AMI delegates led other workshops, one on farmworkers struggles and one
on farm policy in the U.S., and a third activity which consisted of a highly
spiritual celebration of cultures of the land (which miraculously converted a
curious Chávez critic passing by in a park into a sympathizer of an ecological
vision and spiritual values for humanity). AMI delegates attended many
seminars and workshops including ones on community water projects in Venezuela, on
urban agriculture, and some delegates even climbed the mountain standing tall
and forest-covered to the north of Caracas in the company of Jaime Mariqueo,
our Mapuche advisor on indigenous cosmovision, healing and ritual. The fresh
fruits we ate upon the mountain known as Ávila but revealed to us by a local
historian as named originally Guaraira Ripano, were exquisite. Fresh peach
juice and powerfully sweet and sour raspberries, among others! We harvested
eucaliptus leaves and cedar from the farmer's fields on the north side of the
mountains near Galipan, using these elements in our gratitude ritual during
our celebration.
Another high point was the speech delivered by Hugo Chávez at the
Poliedro, a modernistic stadium big enough for 25,000 or so. Some of our
delegation attended in person and others watched from our hotel room with friends from
campesino organizations in Ecuador, while recording the proceedings on a VHS
tape. We have now transferred the VHS to DVD and intend to provide subtitles
and distribute with some written materials as part of our follow up from the
WSF.
The degree of solidarity and connection we experienced far surpassed
expectations. The warmth and hospitality of the Venezuelan people was
palpable. Nights dancing in the Cuba house, or following impromptu Brazilian
drummers down the boulevards will long be remembered.
On our last day in Venezuela we had the opportunity to visit two
agricultural cooperatives a couple of hours from Caracas, in vehicles provided by
the Venezuelan government.

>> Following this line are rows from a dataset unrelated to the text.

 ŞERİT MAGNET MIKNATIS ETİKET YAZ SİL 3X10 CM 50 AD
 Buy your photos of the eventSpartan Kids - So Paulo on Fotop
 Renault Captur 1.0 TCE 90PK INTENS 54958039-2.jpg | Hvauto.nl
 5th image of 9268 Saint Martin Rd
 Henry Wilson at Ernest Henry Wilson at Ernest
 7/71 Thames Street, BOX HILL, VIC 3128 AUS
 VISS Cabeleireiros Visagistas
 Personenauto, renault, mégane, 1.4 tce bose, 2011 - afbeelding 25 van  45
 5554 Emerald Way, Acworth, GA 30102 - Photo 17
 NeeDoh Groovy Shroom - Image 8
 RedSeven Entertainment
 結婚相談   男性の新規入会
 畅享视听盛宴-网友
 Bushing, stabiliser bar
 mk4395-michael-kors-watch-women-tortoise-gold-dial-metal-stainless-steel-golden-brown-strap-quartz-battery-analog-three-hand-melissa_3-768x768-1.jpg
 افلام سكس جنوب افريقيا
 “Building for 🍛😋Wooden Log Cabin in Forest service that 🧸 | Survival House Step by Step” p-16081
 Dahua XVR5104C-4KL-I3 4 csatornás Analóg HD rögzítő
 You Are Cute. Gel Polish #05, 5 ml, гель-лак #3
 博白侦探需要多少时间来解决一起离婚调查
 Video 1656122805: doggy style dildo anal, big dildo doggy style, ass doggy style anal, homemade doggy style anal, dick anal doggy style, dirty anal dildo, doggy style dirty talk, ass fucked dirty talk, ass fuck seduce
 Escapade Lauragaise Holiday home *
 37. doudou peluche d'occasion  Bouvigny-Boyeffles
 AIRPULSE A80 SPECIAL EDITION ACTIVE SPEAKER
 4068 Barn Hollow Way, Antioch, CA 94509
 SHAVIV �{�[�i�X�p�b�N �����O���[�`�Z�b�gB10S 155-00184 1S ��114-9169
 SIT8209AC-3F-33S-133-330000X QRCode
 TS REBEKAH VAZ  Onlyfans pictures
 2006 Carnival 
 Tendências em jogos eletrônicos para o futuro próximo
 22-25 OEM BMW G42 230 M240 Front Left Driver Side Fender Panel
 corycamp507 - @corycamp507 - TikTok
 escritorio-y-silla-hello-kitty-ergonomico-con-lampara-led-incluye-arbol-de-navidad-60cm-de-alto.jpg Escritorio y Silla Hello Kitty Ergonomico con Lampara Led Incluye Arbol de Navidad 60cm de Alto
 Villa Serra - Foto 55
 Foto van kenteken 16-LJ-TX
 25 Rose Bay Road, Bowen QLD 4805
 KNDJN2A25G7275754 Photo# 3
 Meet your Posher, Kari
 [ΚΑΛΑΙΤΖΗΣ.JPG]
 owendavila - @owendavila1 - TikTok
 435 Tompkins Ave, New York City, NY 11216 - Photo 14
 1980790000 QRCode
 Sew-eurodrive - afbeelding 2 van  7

I had made the contacts with the cooperative
organizer Omar Guerra during a stay in Venezuela last August, with the help of
leaders of CANEZ (Coordinadora Agraria Nacional Ezequial Zamora). What we saw
that day on January 30 in a municipality called Paz Castillo, visiting Ranchón
de la Hortaliza and Pais del Futuro '86 Agricultural Cooperatives was
unexpected in its intensity and beauty. We saw lands being productively worked by
farmer cooperativists where previously the land lay idle. We saw people
occupying lands illegally usurped years ago by wealthy local families, determined
to make it productive and to live from its production. We saw 700 families
spread across a vast field along a road, squatting in tiny huts, for the right
to build their houses there, on land, once again, proven to have been illegally
usurped by a large land holder or latifundista. We saw, felt and embraced
people taking their struggles to the land, and hoping for a better day! And
they did not hesitate to ask for our help. They asked us to make known what
we had learned to international media outlets and to their own Channel 8
government-run television station, to lighten the burden of bureaucratic traps and
obstacles, to move their revolution forward, step by step! They fed us with
papaya and sugar cane and later beer, chicken and arepas and received us with
joy and alert friendliness and the hospitality that makes campesinos famous
throughout the world.
Or to repeat the slogans we sang in the opening march of the WSF, along
with the highly disciplined phalanxes of farmers composing the Frente
Ezequiel Zamora (a Venezuelan farmers confederation), Wherever we Go, People Ask Us,
Who are You? And so we reply; Campesinos, Si Señor, De lo Bueno, Lo Mejor!
(Campesinos, yessir, Of the Good, we are the Best!) This vindication of a
farming vocation and rural pride was music to our ears!